Dans la cour de la médersa, les touristes attablés se fichent bien des ghazal et des miniatures de l’oncle de Madina. Ils s’en vont, repus, et la médersa se vide peu à peu. Nous nous rendons alors dans une autre échoppe, tenue celle-là habituellement par sa mère sur la place Liab-i-Haouz. Nous passons plus d’une heure ensemble, assis à proximité du bassin, elle surveillant la boutique tout en me tenant compagnie. Elle me parle de son avenir et de ses rêves. Un mariage s'impose car elle aura vingt ans l'année prochaine. Elle aura alors peut-être plus de facilités pour voyager car il est impossible pour une fille célibataire d'obtenir un visa pour l'Europe. Elles furent si nombreuses à n'être pas revenues dans le passé. Elle ira en Italie où on lui a déjà proposé d'exposer ses miniatures. Elle pourra peut-être travailler dans une pizzéria pour gagner quelque argent et s'acheter des couleurs. Elle ira en France, bien sûr. Il paraît que Paris est une ville tellement belle. Facétieuse, elle s'amuse parfois à représenter la Tour Eiffel dans ses dessins, à côté du minaret Kaylan. Elle me demande de lui parler de ce fleuve qui traverse la capitale et de ce musée qui renferme les plus belles peintures. Y a-t-il des miniatures dans ce musée ? Et des tapchanes, me taquine-t-elle, y a-t-il des tapchanes dans vos chaïkhana ? La prochaine fois que tu viendras, je te conduirai dans le kichlak (village) de ma famille. Nous en avons un très vieux là-bas... Sa mère nous rejoint et reste un instant avec nous avant de décider qu’il est temps de fermer boutique.
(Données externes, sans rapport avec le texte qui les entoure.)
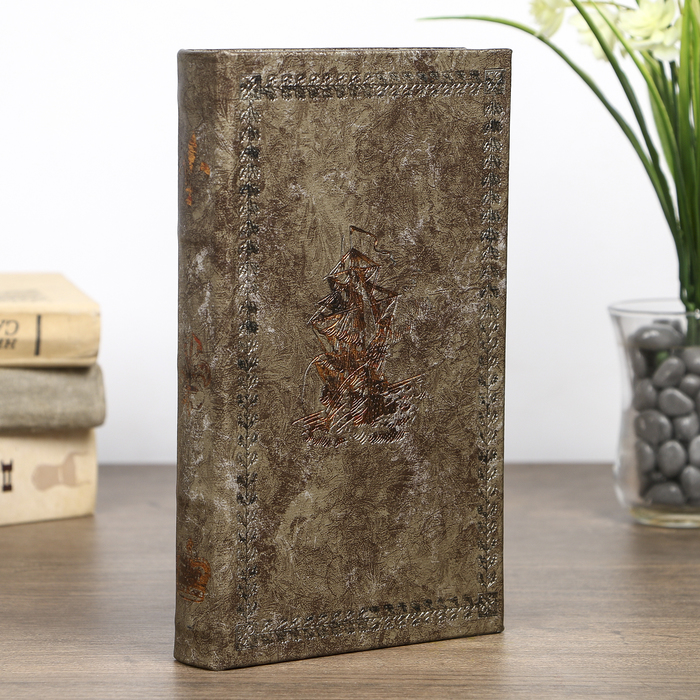 Шкатулка дерево книга "Морские приключения" 21х13х3 см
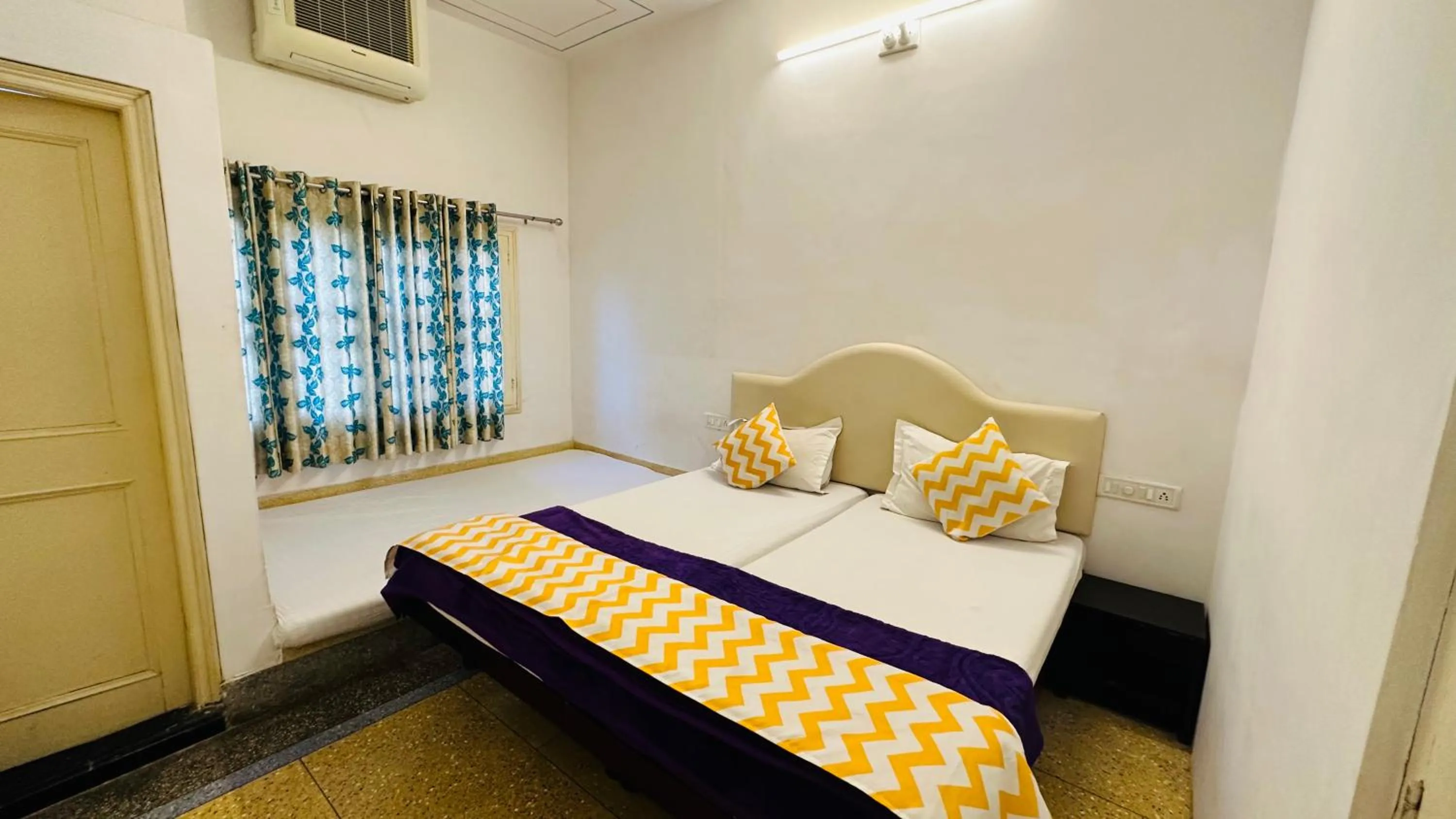 Bed in Maa Ji House on Lake Pichola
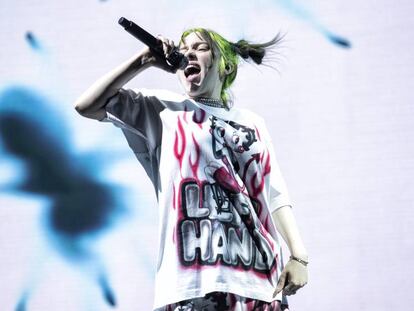 La cantante y compositora estadounidense Billie Eilish durante el concierto de este martes en el WiZink Center de Madrid. En vídeo, cómo es el proceso creativo de la artista.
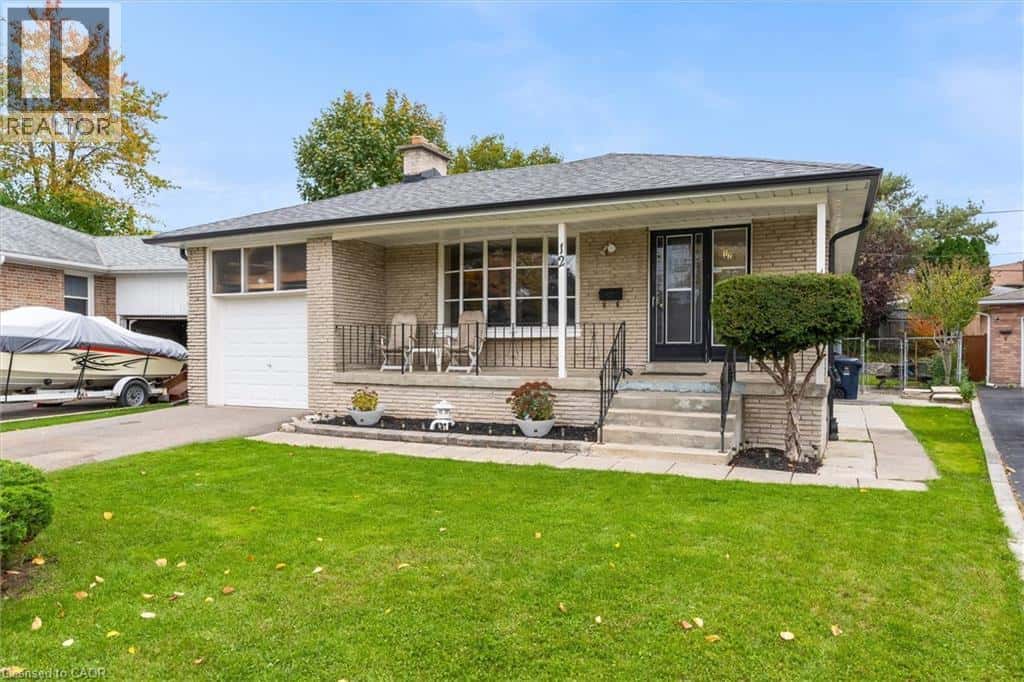 12 MONET Avenue — Etobicoke, Ontario - Photo 2 of 28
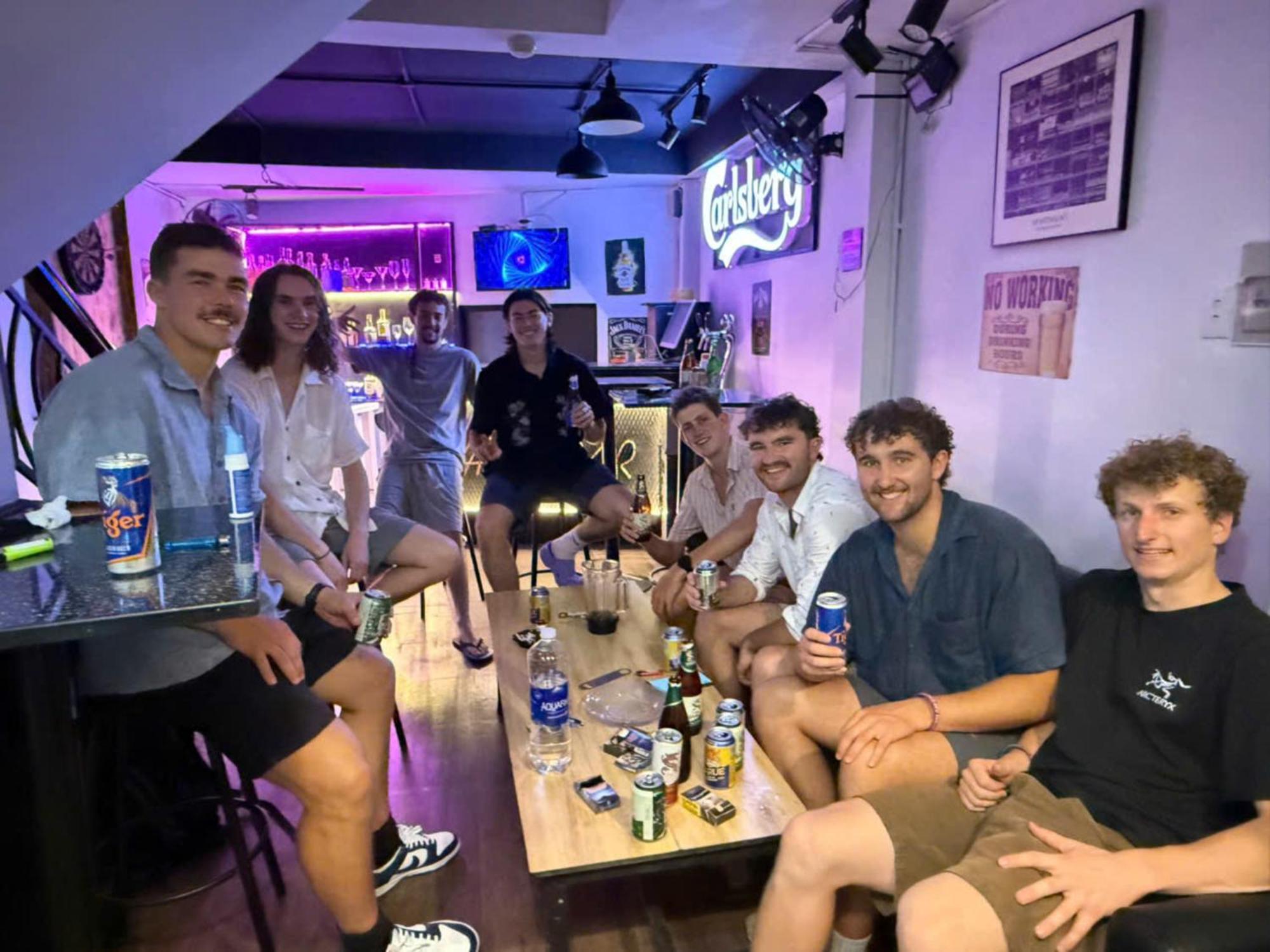 Saigon Hub Hostel Ho Chi Minh City Bagian luar foto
*Le "tapchane" (nom d'origine turco-mongole passé dans la langue russe) ou "grand sofa" est une plate-forme en bois portée par quatre pieds, recouverte de tapis et pourvue de coussins, sur laquelle les gens d'Asie centrale s'installent pour prendre le thé et les repas et parfois pour y dormir. Installé souvent à l'extérieur, on le trouve dans les maisons privées et les chaïkhanas (maisons de thé). Le blog sur Les grands sofas d'Asie d'Asie centrale leur est dédié.


Ouzbékistan, Boukhara, Madina, miniaturiste, © L. Gigout, 2012
Madina peint une céramique devant son échoppe à Boukhara.

Ouzbékistan, Boukhara, Madina, miniaturiste, henné, © L. Gigout, 2012
Madina peint des motifs au henné sur la main d'une de ses amies pour la fête de l'Aïd.